Adding LGBTQ and citizenship questions aren’t a burden to the census

President Trump's announcement to add a question about citizenship, but remove a question about identifying as LGBTQ drew the ire of social media.President Trump's announcement to add a question about citizenship, but remove a question about identifying as LGBTQ drew the ire of social media.

The average person doesn’t think much about the US Census until they receive an envelope in the mail.

When Congress develops its annual budget, it has to account for every federal agency in the nation, as well as money it owes to states and other local governments as a result of agreements and programs it supports.  Taxpayers and elected officials alike lobby Congress regularly for funding for some new program or initiative that they think tax dollars should support.  This link shows how many federal agencies exist.  Keep in mind that Congress only has 17 enumerated powers if you include Necessary and Proper.

Consider that out of the entire population of the US, there’s a segment of the population that believes that all of those agencies need to exist for one reason or another despite the unconstitutionality of many of them.

One of the crucial determinants of population, whether it’s of an entire state, or a municipality is representation.  In our constitutional republic, we elect lawmakers to represent us at both the state and federal level.  Part of why we have elections is for the people to choose who represents them to government and will push for legislation they want.  The other reason to have elections to ensure that the seat can be refreshed periodically.

Last year, the Trump administration made a request to the Census bureau to restore the asking of citizenship to the 2020 census.  The LGBTQ community was incensed when news outlets released that the 2020 census would not include a way for them to identify as such, including if they were married.  Snopes, a site who has made strides in researching hoaxes, determined that the community has never been on the census.

Between the inclusion of the citizenship question and the exclusion of the LGBTQ community, people began to wonder if the Trump Census bureau had an ulterior motive.

From a constitutional standpoint, the census must be done every ten years, but there’s never been a definitive rubric for  what must be on it:

“The actual enumeration shall be made within three years after the first meeting of the Congress of the United States, and within every subsequent term of 10 years, in such manner as they shall by Law direct.”

The Census Department requires all agents to take an oath of confidentiality:

When hired to work for the Census Bureau, employees must sign a Sworn Affidavit of Nondisclosure.

This obligates those hired to accept the responsibility of keeping all Title 13 data confidential. This constitutes a lifetime obligation, continuing even if you are no longer affiliated with the Census Bureau.

“I will not disclose any information contained in the schedules, lists, or statements obtained for or prepared by the Census Bureau to any person or persons either during or after employment.”

Under federal law, the penalty for unlawful disclosure is a fine of not more than $250,000 or imprisonment for not more than 5 years, or both.

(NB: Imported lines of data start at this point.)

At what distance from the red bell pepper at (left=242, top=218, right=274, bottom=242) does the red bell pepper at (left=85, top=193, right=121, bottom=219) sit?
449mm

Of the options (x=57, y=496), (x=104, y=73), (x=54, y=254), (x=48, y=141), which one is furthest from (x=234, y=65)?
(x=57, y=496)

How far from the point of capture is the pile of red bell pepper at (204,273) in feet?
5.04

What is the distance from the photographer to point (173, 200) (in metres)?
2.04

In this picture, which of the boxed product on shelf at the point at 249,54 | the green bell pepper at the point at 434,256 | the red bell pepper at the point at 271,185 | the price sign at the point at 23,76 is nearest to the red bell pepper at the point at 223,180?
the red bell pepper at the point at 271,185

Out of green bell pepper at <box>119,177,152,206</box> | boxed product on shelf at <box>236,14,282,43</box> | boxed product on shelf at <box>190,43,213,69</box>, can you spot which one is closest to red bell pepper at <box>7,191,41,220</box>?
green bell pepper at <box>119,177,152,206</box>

From a policy standpoint, there’s no reason why the census shouldn’t include the LGBTQ community, much like it has no reason to exclude any community or group of people.  If the purpose of the census is to get an accurate count of the number of individuals who reside in this nation, there’s no reason that those people shouldn’t be able to tell the federal government that they identify as such.

The Williams Institute out of UCLA has the LGBTQ population percentage at 3.8% as of 2016.  That percentage may seem small, but considering it was only two years ago that same-sex marriage became the law of the land, and that close to six years ago, the SCOTUS struck down a federal definition of marriage, it’s safe to say that they’re a community eager to be represented in government statistics.

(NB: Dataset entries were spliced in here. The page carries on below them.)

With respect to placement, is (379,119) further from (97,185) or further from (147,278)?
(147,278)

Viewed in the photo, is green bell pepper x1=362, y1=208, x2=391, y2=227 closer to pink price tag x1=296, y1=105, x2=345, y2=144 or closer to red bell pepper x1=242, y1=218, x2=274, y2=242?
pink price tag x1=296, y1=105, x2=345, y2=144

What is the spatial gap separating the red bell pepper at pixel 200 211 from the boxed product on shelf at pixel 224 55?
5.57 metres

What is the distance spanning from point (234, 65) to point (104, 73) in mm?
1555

The citizenship question has raised much ire because of President Trump’s hard stance on illegal aliens and his rescinding the DACA program.  As it stands right now, the sentiment among Americans is that young people who were brought here illegally by their parents should be allowed to stay.

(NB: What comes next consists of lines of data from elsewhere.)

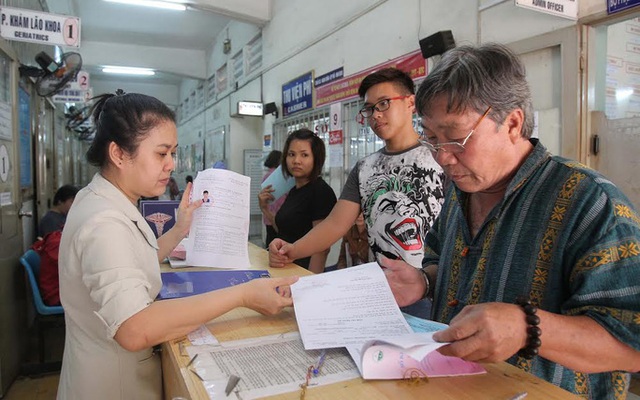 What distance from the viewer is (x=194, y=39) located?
9.11 m

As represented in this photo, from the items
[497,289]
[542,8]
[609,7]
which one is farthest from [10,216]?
[609,7]

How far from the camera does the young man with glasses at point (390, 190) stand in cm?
161

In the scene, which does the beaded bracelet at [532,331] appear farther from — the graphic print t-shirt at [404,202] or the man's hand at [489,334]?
the graphic print t-shirt at [404,202]

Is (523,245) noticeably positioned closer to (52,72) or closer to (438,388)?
(438,388)

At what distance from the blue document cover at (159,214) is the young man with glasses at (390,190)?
0.70 metres

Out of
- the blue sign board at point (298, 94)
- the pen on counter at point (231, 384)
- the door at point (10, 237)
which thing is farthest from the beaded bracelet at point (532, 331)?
the blue sign board at point (298, 94)

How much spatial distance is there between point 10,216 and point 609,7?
3705 mm

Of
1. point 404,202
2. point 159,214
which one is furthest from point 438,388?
point 159,214

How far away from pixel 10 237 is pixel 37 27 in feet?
4.76

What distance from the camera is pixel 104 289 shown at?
865mm

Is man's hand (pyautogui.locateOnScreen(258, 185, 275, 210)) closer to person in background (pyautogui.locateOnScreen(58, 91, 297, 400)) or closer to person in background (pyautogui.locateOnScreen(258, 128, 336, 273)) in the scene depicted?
person in background (pyautogui.locateOnScreen(258, 128, 336, 273))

Having citizenship data can be valuable on multiple accounts:

  • Getting an idea of how many immigrants have been naturalized in the last ten years.
  • Learning just how many people have immigrated to the US, what kind of authorization they had, and what they’ve done with their life.
  • There are a number of ways someone can be considered an illegal alien and it’s important to discern between those who came over with authorization and those who didn’t.
  • Policymakers can use citizenship data to make changes to immigration laws to fix a system that many claim is broken.

Finally, a popular argument is that data on illegals would make them easier to find and deport, but the process isn’t as fundamental considering immigrations officials rely on cooperation from local authorities.  Additionally, illegal aliens enjoy many of the same constitutional rights that American citizens do even if they did break the law by arriving.  In short, illegals and Dreamers (they’re technically two different categories) have nothing to fear by identifying as such.

Regardless of which questions appear on the Census, it shouldn’t be politicized to further agendas and it shouldn’t exclude detail on the grounds of relevance.